Requirement: Beginning with the line where "Full Body Camera" appears, repeat every remaining line of the entries exactly, the last line included.

[Start of Attachment]

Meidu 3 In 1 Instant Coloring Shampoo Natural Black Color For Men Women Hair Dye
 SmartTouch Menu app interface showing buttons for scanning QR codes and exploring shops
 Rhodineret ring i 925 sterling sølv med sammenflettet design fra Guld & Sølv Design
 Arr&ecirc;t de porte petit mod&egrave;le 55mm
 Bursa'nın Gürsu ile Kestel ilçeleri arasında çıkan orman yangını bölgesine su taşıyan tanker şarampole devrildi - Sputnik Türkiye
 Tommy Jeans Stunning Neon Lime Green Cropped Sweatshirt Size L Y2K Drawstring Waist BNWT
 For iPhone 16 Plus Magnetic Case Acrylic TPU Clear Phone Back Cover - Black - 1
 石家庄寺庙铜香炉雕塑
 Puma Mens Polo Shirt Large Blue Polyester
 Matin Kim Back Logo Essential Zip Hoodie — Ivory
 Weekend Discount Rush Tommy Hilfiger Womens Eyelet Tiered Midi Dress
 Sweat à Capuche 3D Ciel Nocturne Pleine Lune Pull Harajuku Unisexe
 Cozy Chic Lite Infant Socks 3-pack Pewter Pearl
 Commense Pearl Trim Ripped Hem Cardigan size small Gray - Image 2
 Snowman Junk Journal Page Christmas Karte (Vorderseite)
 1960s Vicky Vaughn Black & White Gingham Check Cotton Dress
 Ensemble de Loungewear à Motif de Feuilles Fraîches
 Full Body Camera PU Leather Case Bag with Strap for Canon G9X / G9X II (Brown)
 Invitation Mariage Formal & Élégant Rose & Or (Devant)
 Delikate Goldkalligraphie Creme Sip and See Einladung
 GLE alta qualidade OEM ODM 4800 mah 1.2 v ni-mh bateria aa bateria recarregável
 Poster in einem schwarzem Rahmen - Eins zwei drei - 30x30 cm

[End of Attachment]

Exercise solution:
 Full Body Camera PU Leather Case Bag with Strap for Canon G9X / G9X II (Brown)
 Invitation Mariage Formal & Élégant Rose & Or (Devant)
 Delikate Goldkalligraphie Creme Sip and See Einladung
 GLE alta qualidade OEM ODM 4800 mah 1.2 v ni-mh bateria aa bateria recarregável
 Poster in einem schwarzem Rahmen - Eins zwei drei - 30x30 cm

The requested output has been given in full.